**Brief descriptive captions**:
::::::::::

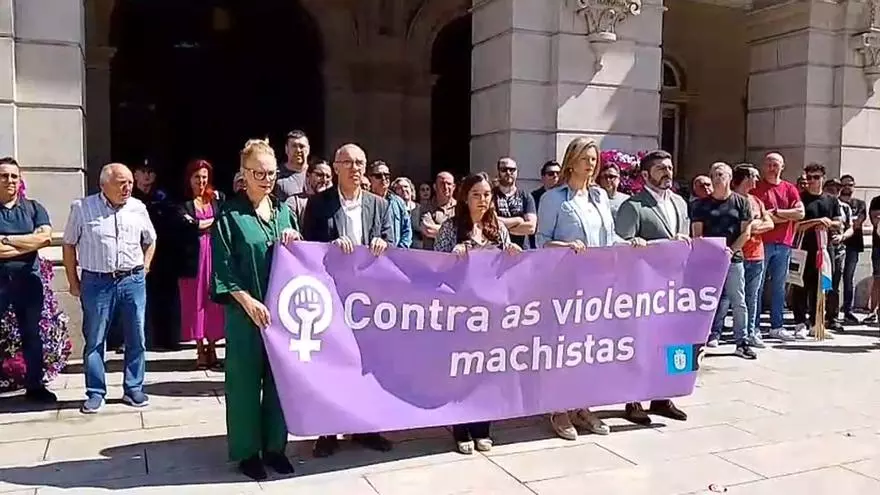 Minuto de silencio en María Pita por en crimen machista de una mujer en Cáceres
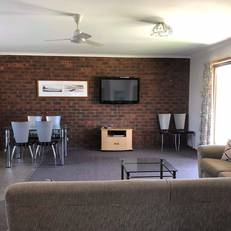 Lakes Jakaranda Holiday Units 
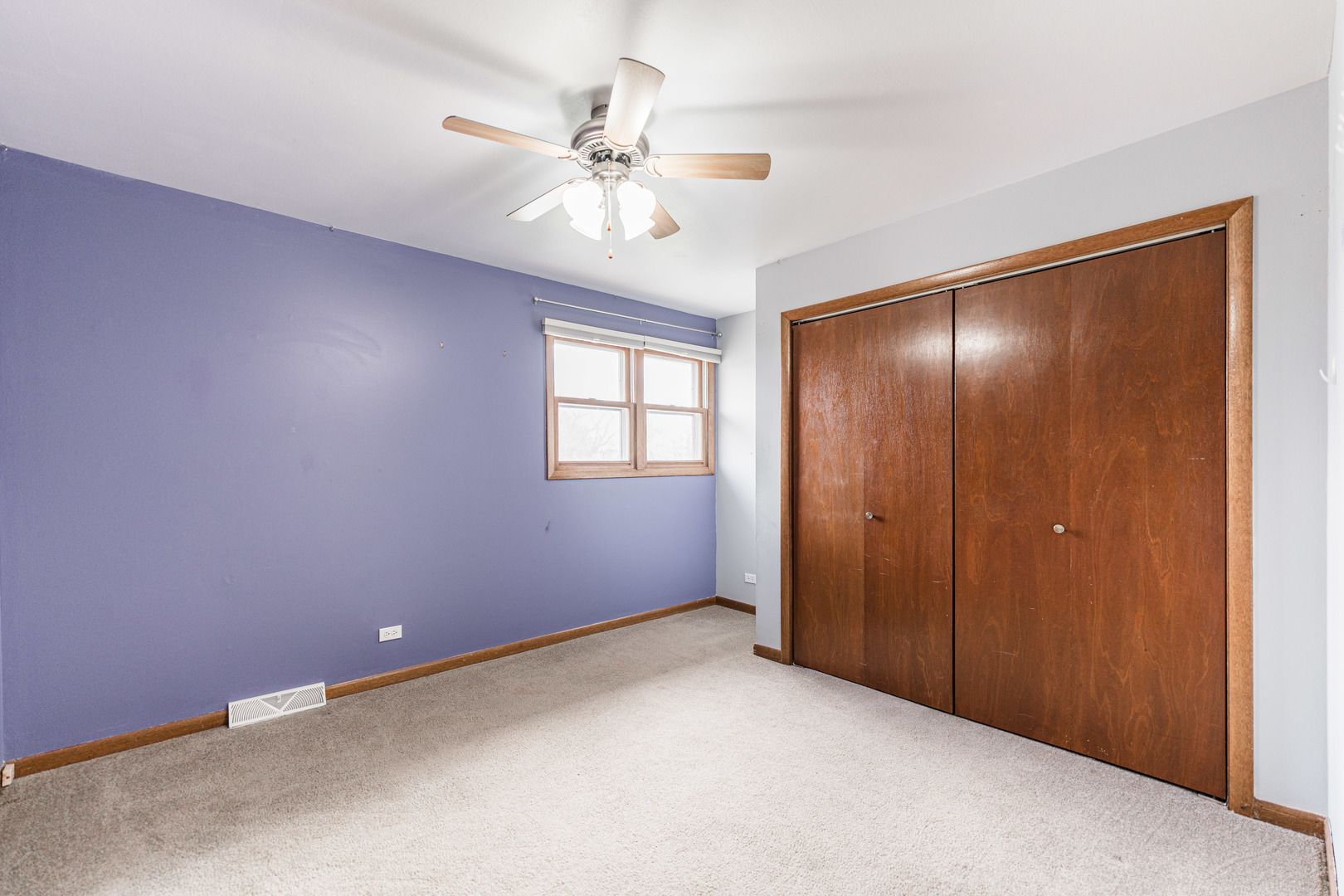 950 Dearborn Circle
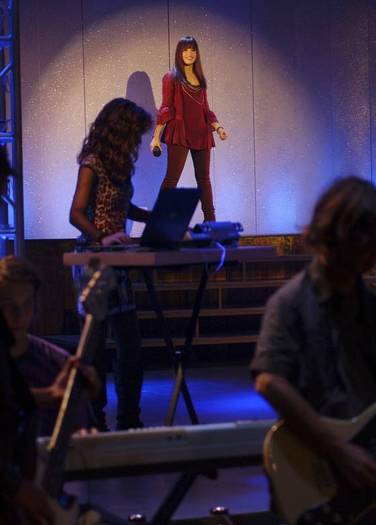 DEMI_CAMP_ROCK_4 - New look for camp rock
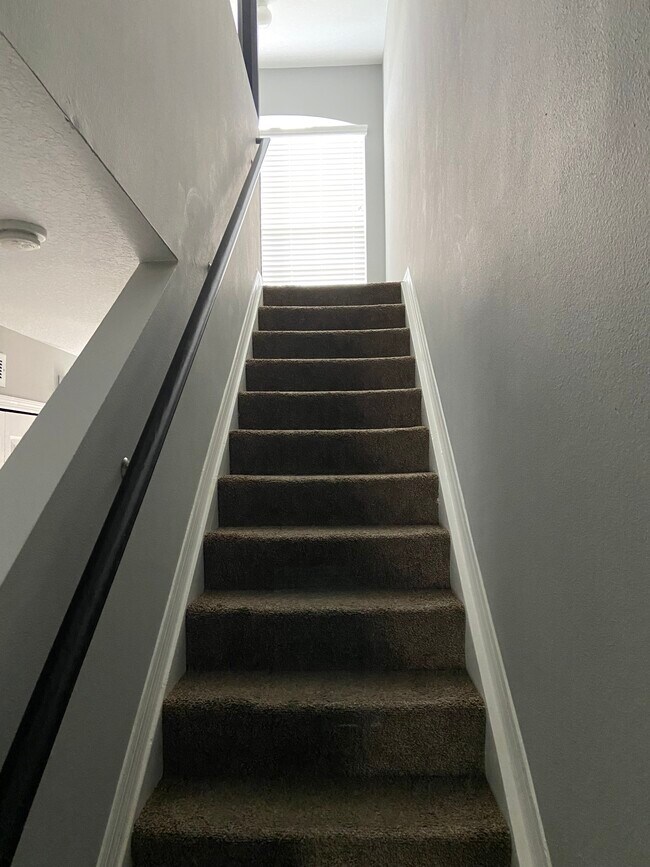 Foto del edificio - 7056 Saint Ives Ct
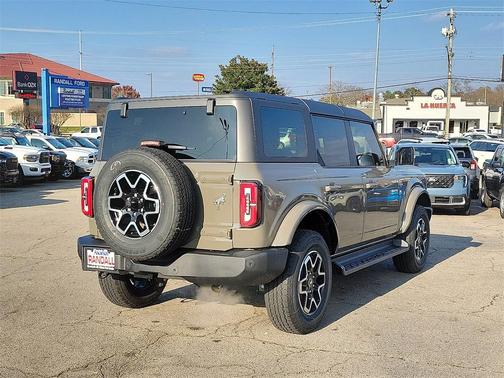 2025 Ford Bronco Outer Banks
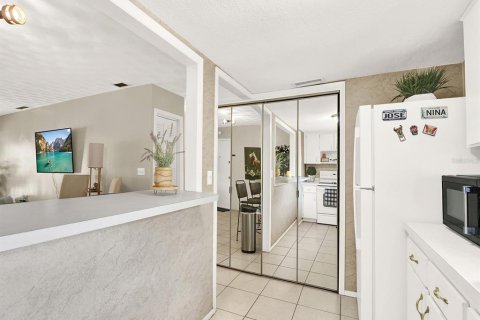 Condo in Tampa, Florida, 2 bedrooms  № 1553965 - photo 12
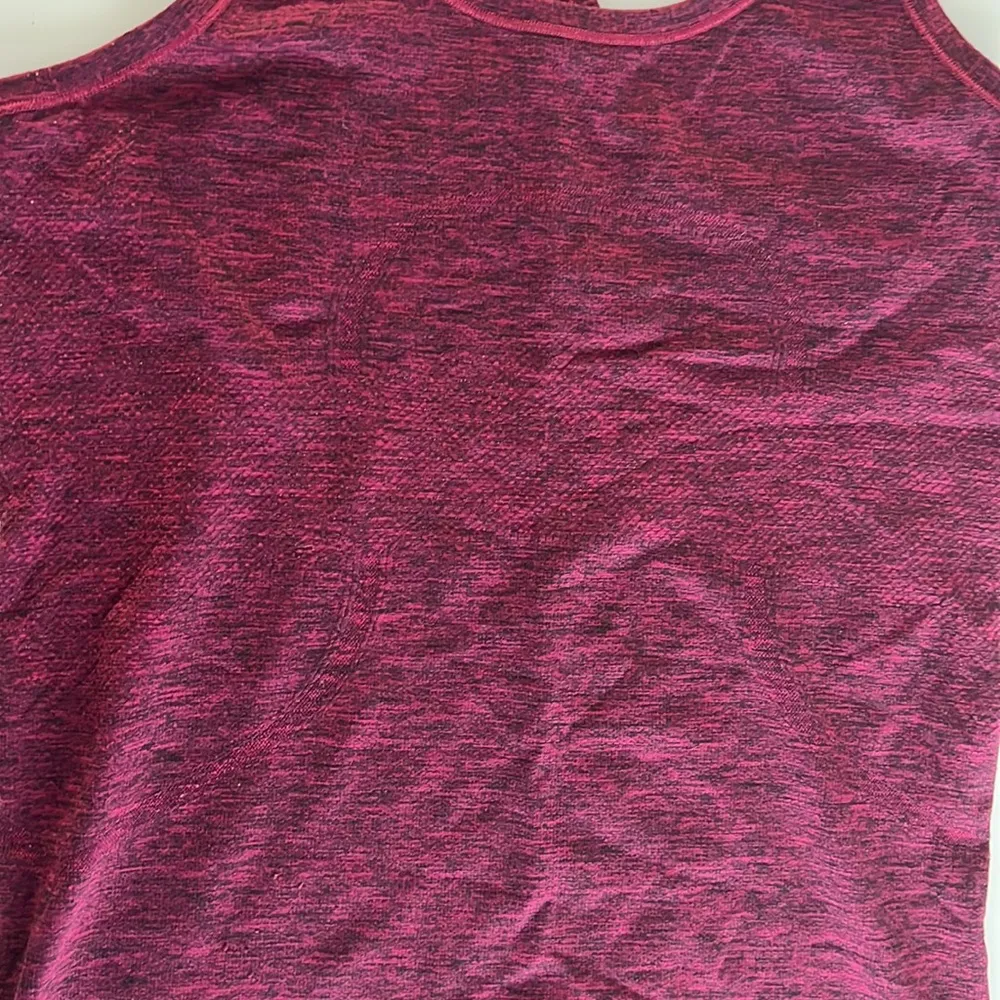 Lululemon Swiftly Tank Top Size 6 Red - Image 2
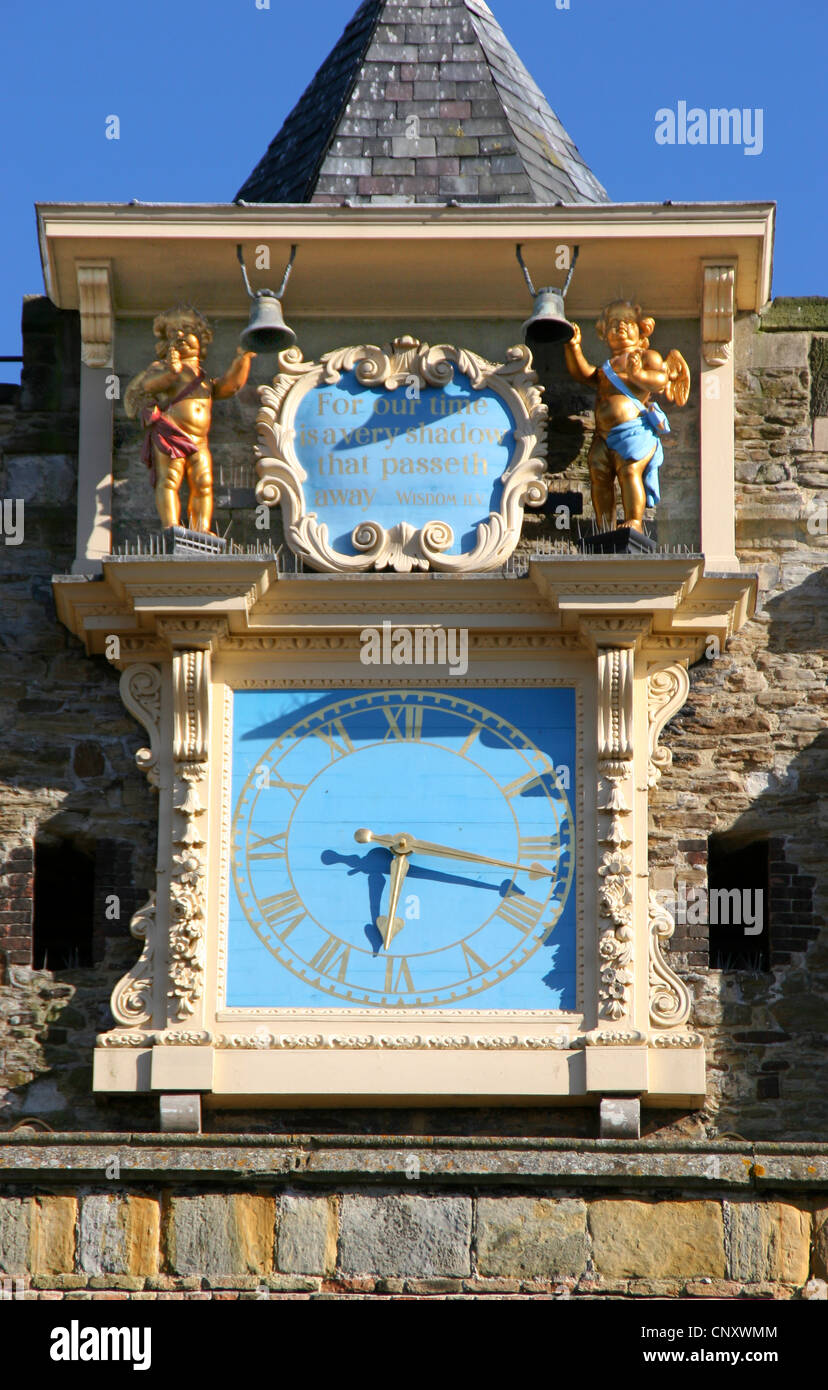 St Marys Kirche Uhr mit jungen Viertel Roggen East Sussex England UK Stockfoto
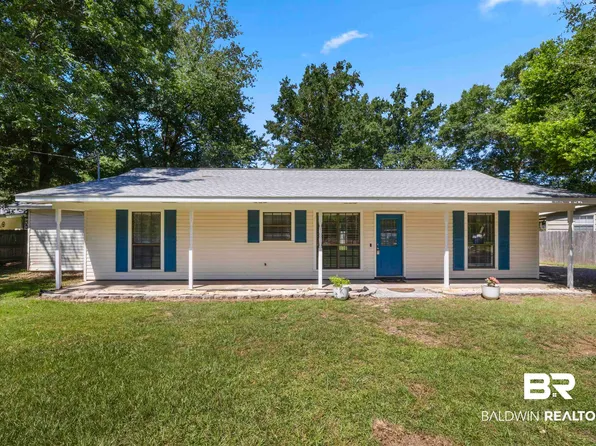 825 Dauphine Cir, Daphne, AL 36526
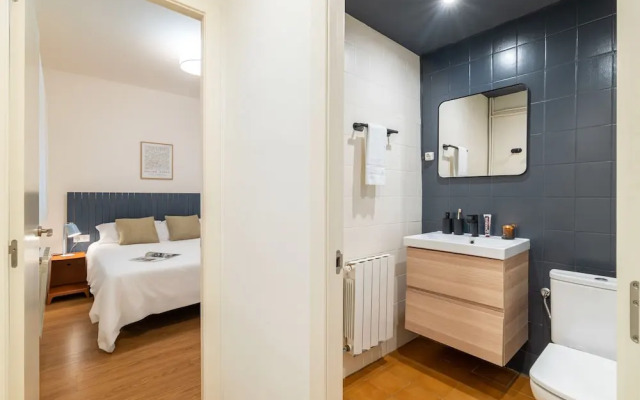 Rafael Apartment by Olala Homes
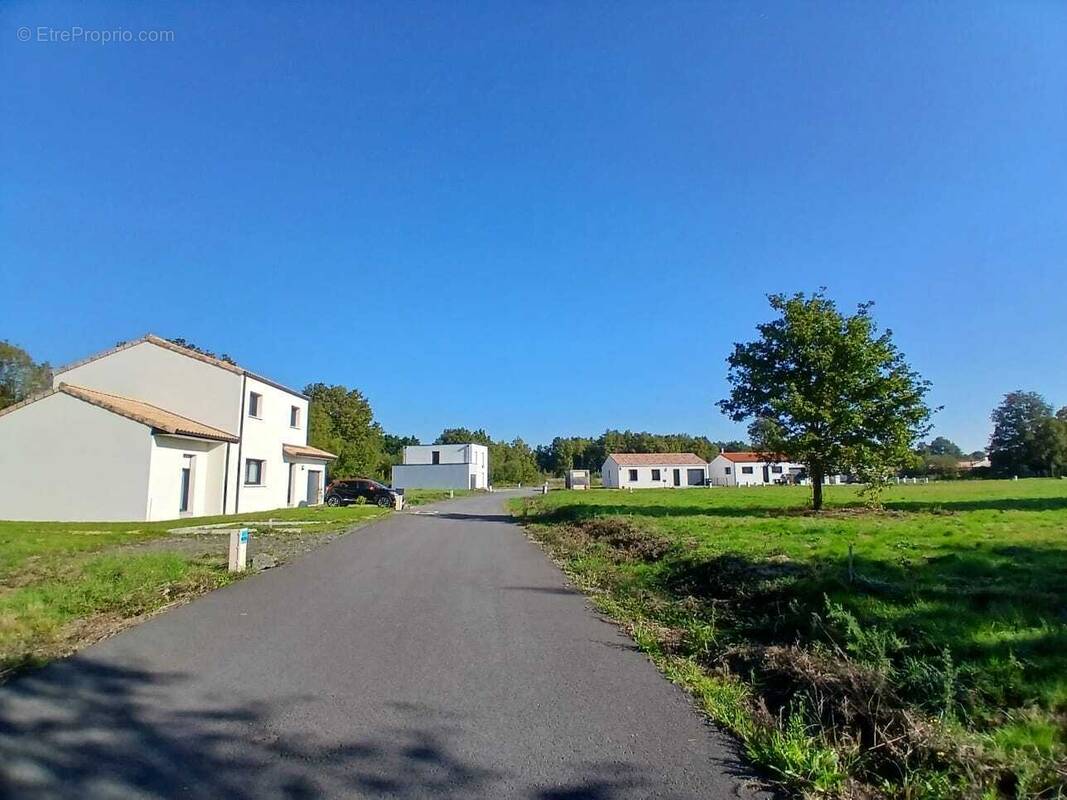 Terrain à SAINT-AIGNAN-GRANDLIEU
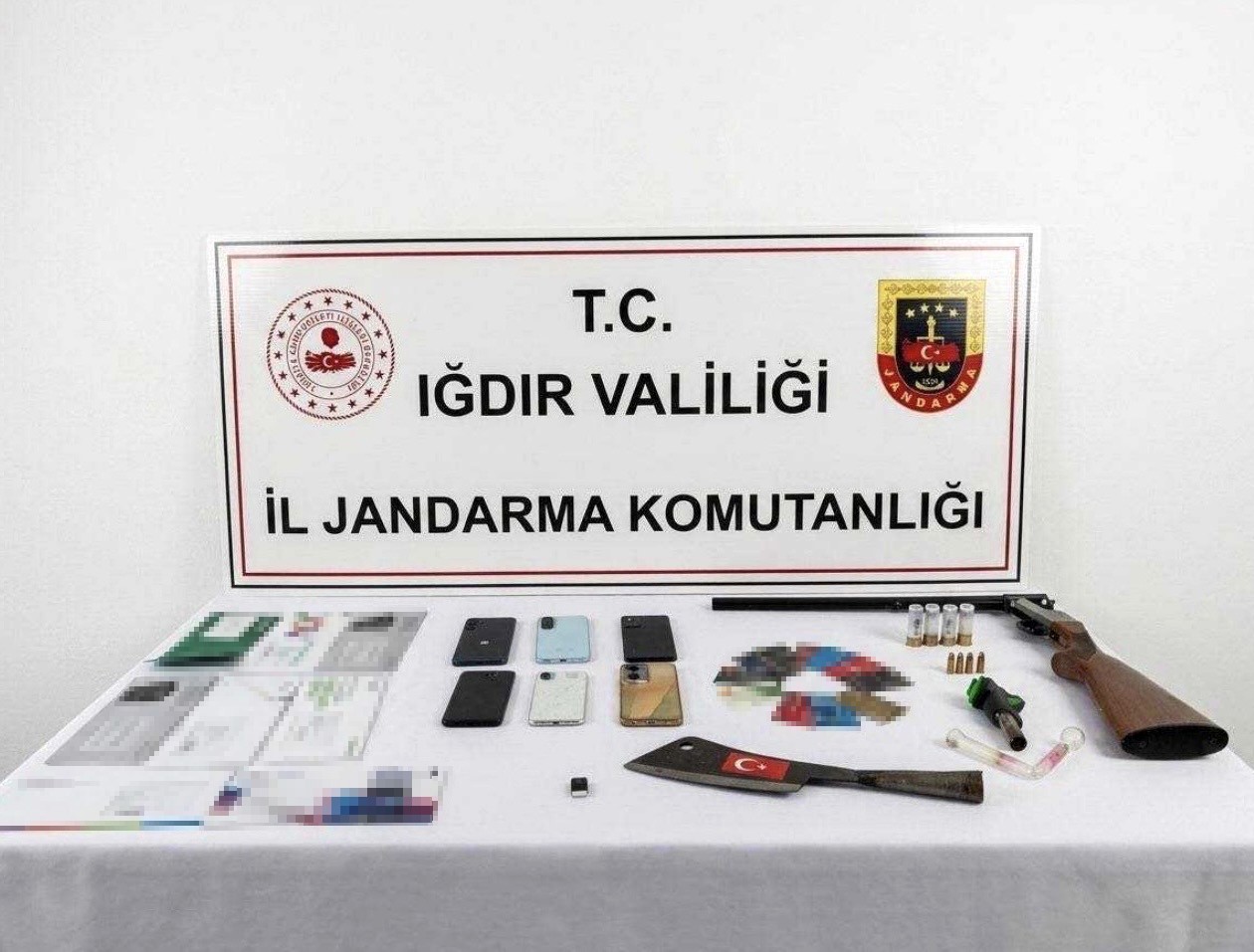 igdir-da-siber-suc-operasyonu-6-supheliden-5-i-tutuklandi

::::::::::

**EXERCISE DESCRIPTION**: Would you transcribe exactly, and only, the lines from the one containing "DEMI_CAMP_ROCK_4 - New look for camp rock" through the last line of the records above, both included, leaving out the pictures?

**RESULT**:
 DEMI_CAMP_ROCK_4 - New look for camp rock
 Foto del edificio - 7056 Saint Ives Ct
 2025 Ford Bronco Outer Banks
 Condo in Tampa, Florida, 2 bedrooms  № 1553965 - photo 12
 Lululemon Swiftly Tank Top Size 6 Red - Image 2
 St Marys Kirche Uhr mit jungen Viertel Roggen East Sussex England UK Stockfoto
 825 Dauphine Cir, Daphne, AL 36526
 Rafael Apartment by Olala Homes
 Terrain à SAINT-AIGNAN-GRANDLIEU
 igdir-da-siber-suc-operasyonu-6-supheliden-5-i-tutuklandi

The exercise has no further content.